Input: Begin

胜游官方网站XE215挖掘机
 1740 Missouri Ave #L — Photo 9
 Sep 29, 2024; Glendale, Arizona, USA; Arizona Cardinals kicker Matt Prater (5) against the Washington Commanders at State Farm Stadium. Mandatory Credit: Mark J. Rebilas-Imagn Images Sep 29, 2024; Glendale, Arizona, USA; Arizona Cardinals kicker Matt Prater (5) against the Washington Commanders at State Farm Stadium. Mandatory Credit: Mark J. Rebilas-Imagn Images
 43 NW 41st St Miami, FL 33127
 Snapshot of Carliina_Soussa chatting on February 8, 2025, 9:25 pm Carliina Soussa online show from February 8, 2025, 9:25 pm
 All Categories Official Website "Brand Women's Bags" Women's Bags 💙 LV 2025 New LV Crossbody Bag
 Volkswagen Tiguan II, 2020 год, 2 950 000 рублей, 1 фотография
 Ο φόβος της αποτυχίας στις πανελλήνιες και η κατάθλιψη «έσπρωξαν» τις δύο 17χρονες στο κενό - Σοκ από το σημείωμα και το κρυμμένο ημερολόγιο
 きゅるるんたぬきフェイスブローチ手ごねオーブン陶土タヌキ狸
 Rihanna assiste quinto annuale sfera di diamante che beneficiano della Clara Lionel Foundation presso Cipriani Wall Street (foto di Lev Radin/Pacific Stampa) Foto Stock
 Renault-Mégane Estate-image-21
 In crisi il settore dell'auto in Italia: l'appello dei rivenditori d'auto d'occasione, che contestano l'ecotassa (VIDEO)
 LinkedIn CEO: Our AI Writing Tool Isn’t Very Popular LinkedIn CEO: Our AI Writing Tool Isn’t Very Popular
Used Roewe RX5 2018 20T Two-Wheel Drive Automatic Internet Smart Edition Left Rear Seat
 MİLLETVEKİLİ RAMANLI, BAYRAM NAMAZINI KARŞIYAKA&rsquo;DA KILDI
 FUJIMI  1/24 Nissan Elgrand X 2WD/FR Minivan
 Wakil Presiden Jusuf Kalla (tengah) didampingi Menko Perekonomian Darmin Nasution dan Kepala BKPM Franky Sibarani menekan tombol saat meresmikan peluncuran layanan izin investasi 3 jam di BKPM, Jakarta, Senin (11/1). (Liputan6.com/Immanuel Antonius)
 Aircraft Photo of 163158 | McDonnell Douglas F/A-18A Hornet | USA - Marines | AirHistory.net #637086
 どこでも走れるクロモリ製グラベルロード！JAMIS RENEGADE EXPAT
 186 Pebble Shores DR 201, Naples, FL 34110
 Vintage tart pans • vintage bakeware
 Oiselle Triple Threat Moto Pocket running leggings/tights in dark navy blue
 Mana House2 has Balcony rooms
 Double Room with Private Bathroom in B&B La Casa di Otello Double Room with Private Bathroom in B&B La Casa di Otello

Input: End

* What the exercise asks *
Work out how many lines of the material include "Photo", then report only that count.

* Exercise response *
2